### GOAL OF THE EXERCISE
Could you please transcribe the data exactly, without the pictures?

### DATA EXCERPTS
=== Begin Enclosure ===

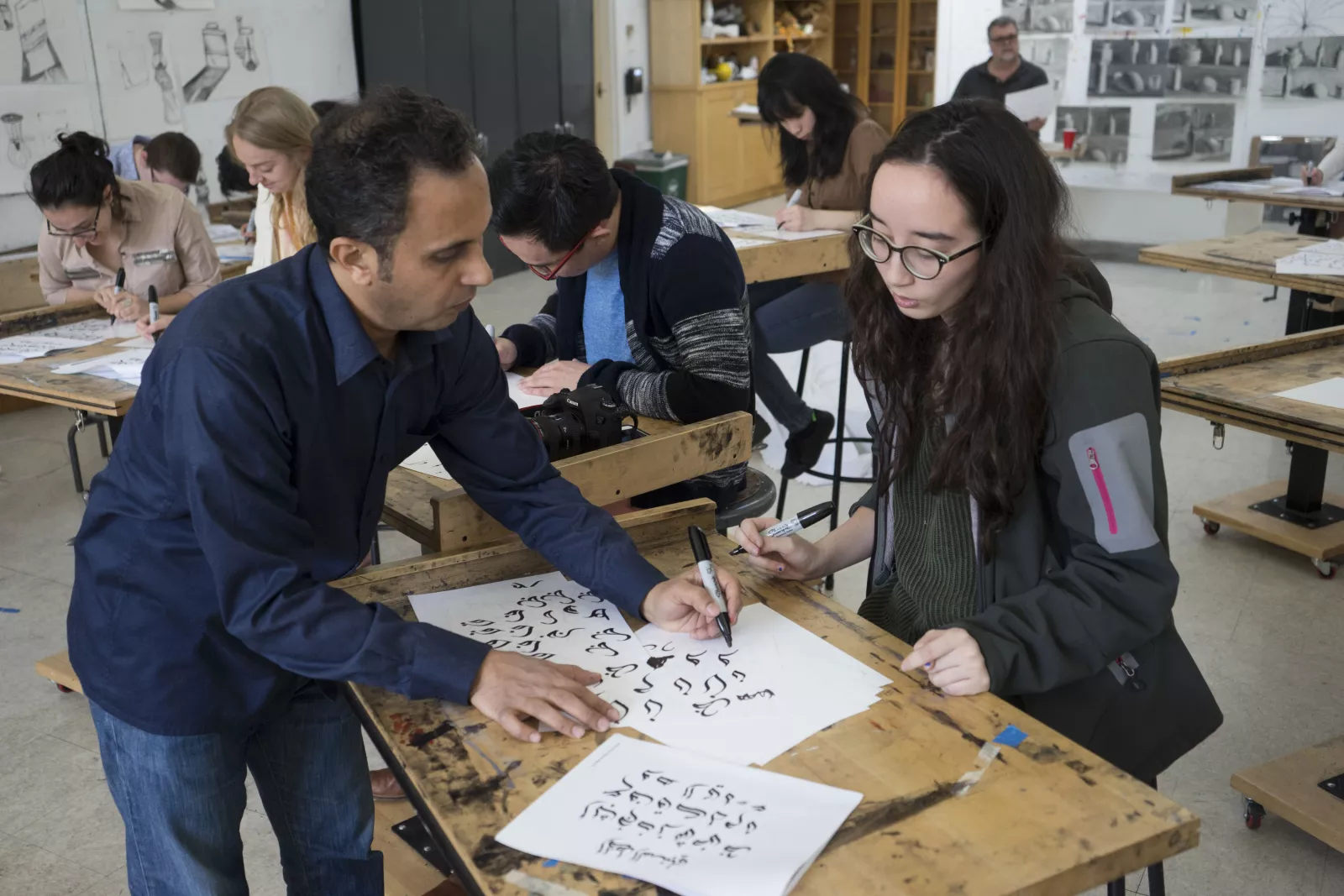 Student receiving aid with her calligraphy stroke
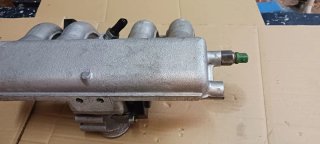 Colector y cuerpo mariposa RS Turbo 1988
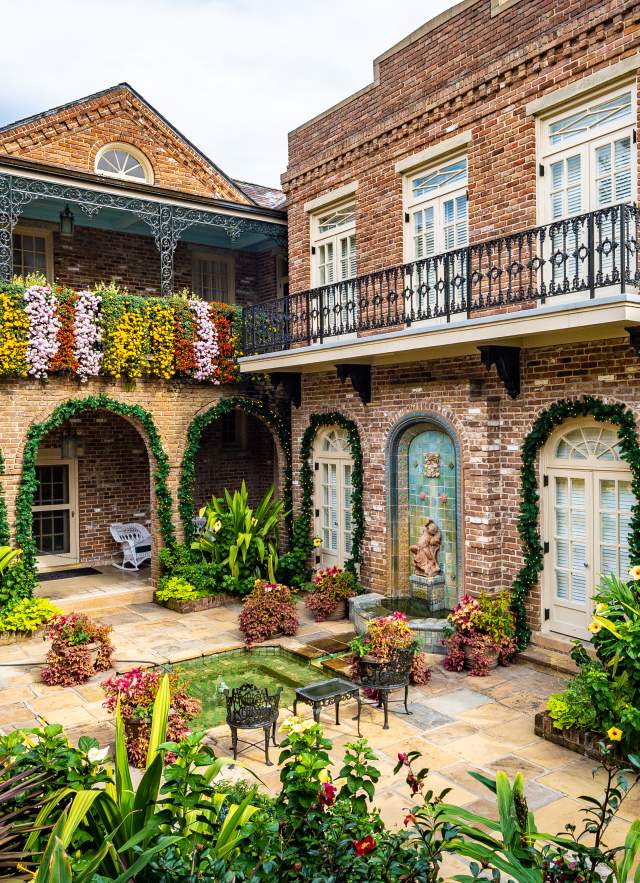 Cascading mums hanging from wall and greenery surrounding buildings in a courtyard at Bellingrath Gardens & Home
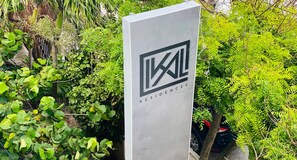 A sign with the logo and name of a hotel, surrounded by lush greenery. - Beachfront Views next to the pier (Puerto Morelos)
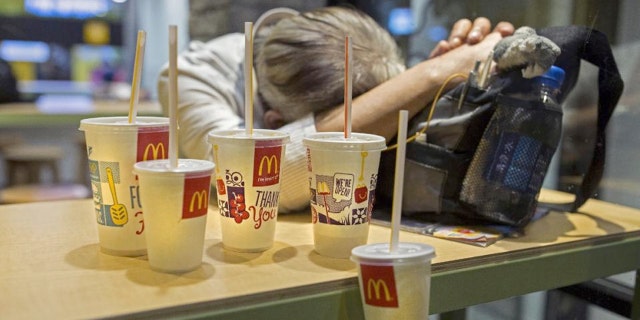 A man sleeps with his belongings at night in a 24-hour McDonald’s branch in Hong Kong.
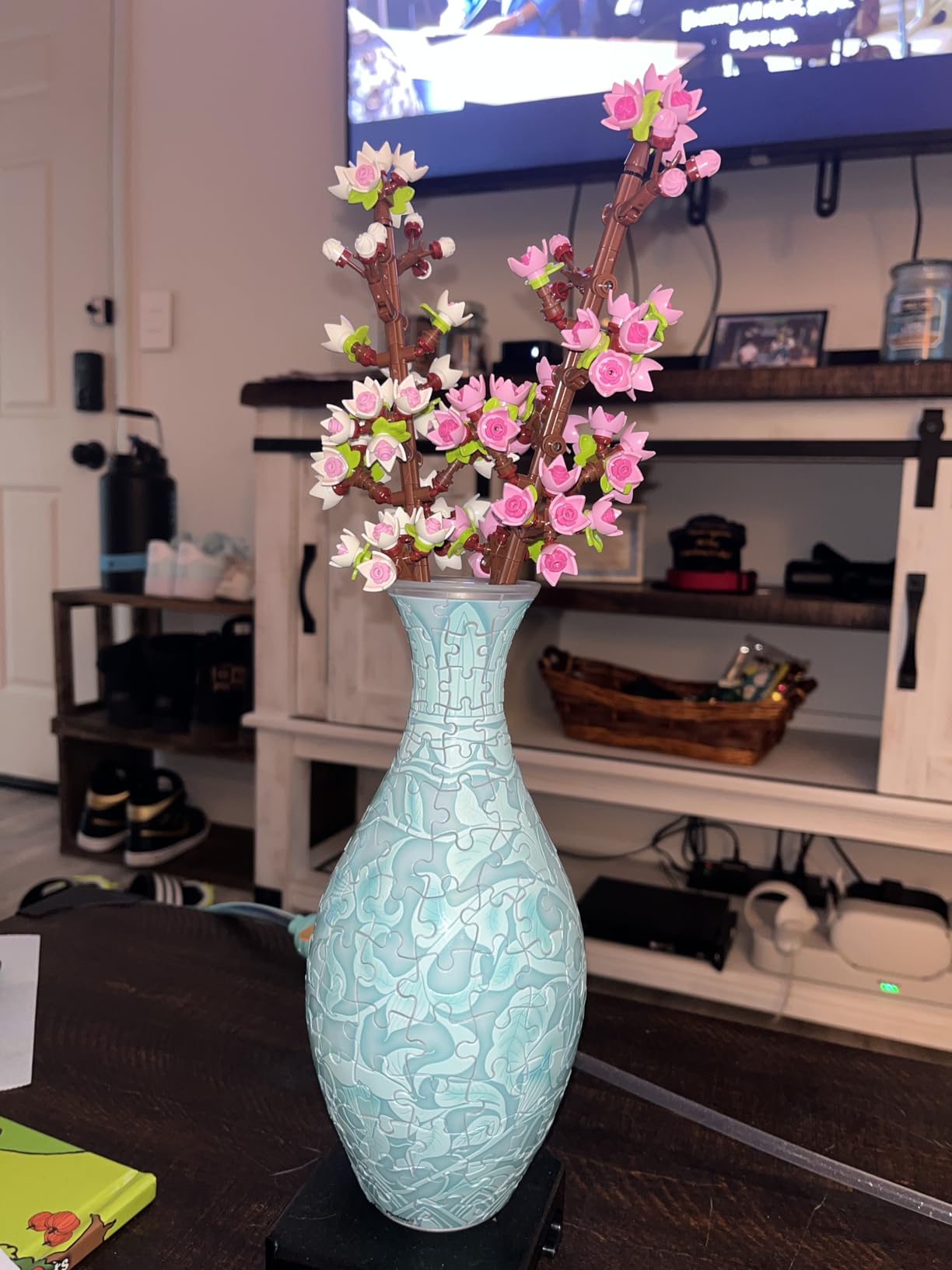 PieceRelax blue puzzle vase displaying pink cherry blossom building set branches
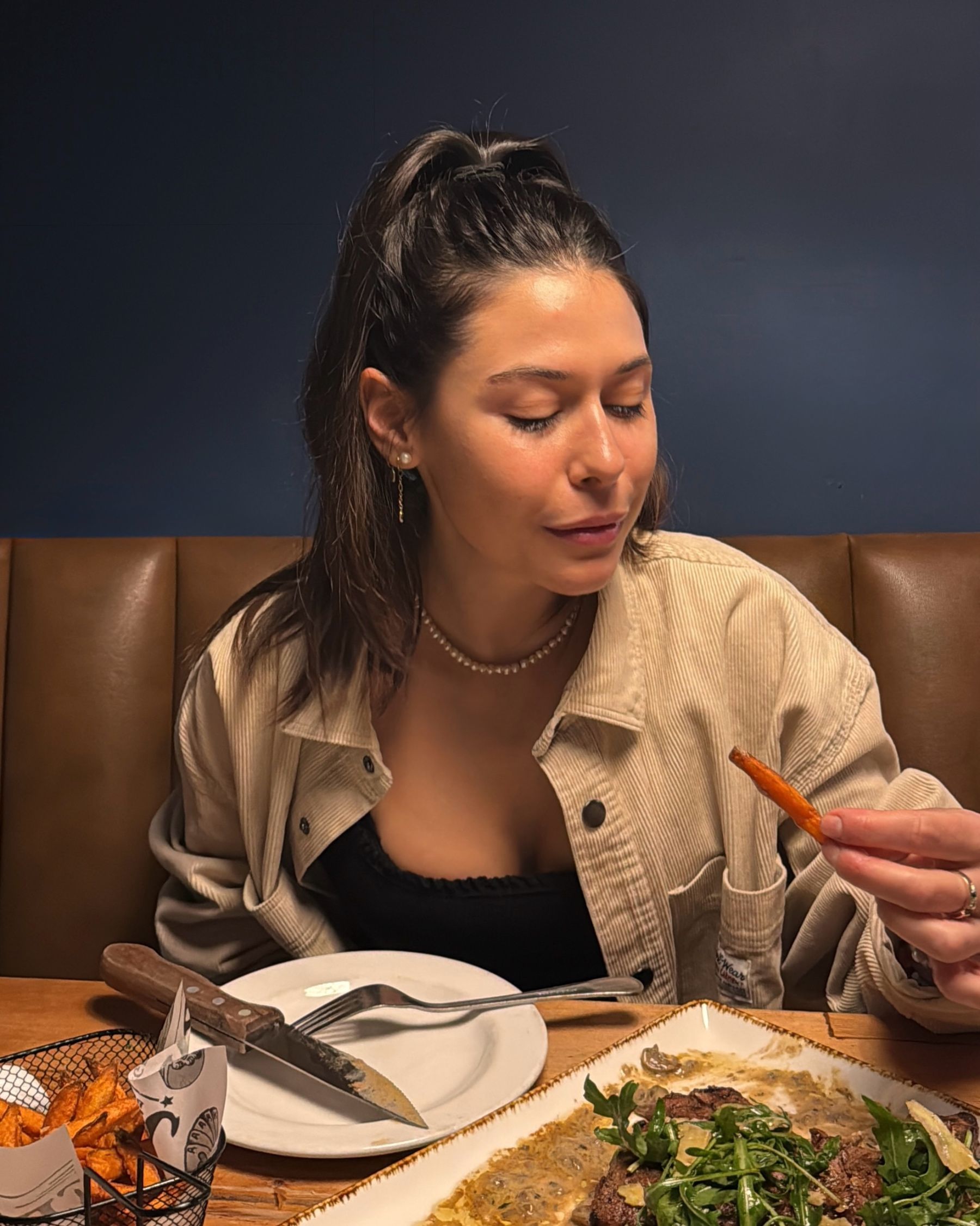 Paige enjoying sweet potato fries at Jerry’s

=== End Enclosure ===

### ANSWER FOR THIS EXERCISE
 Student receiving aid with her calligraphy stroke
 Colector y cuerpo mariposa RS Turbo 1988
 Cascading mums hanging from wall and greenery surrounding buildings in a courtyard at Bellingrath Gardens & Home
 A sign with the logo and name of a hotel, surrounded by lush greenery. - Beachfront Views next to the pier (Puerto Morelos)
 A man sleeps with his belongings at night in a 24-hour McDonald’s branch in Hong Kong.
 PieceRelax blue puzzle vase displaying pink cherry blossom building set branches
 Paige enjoying sweet potato fries at Jerry’s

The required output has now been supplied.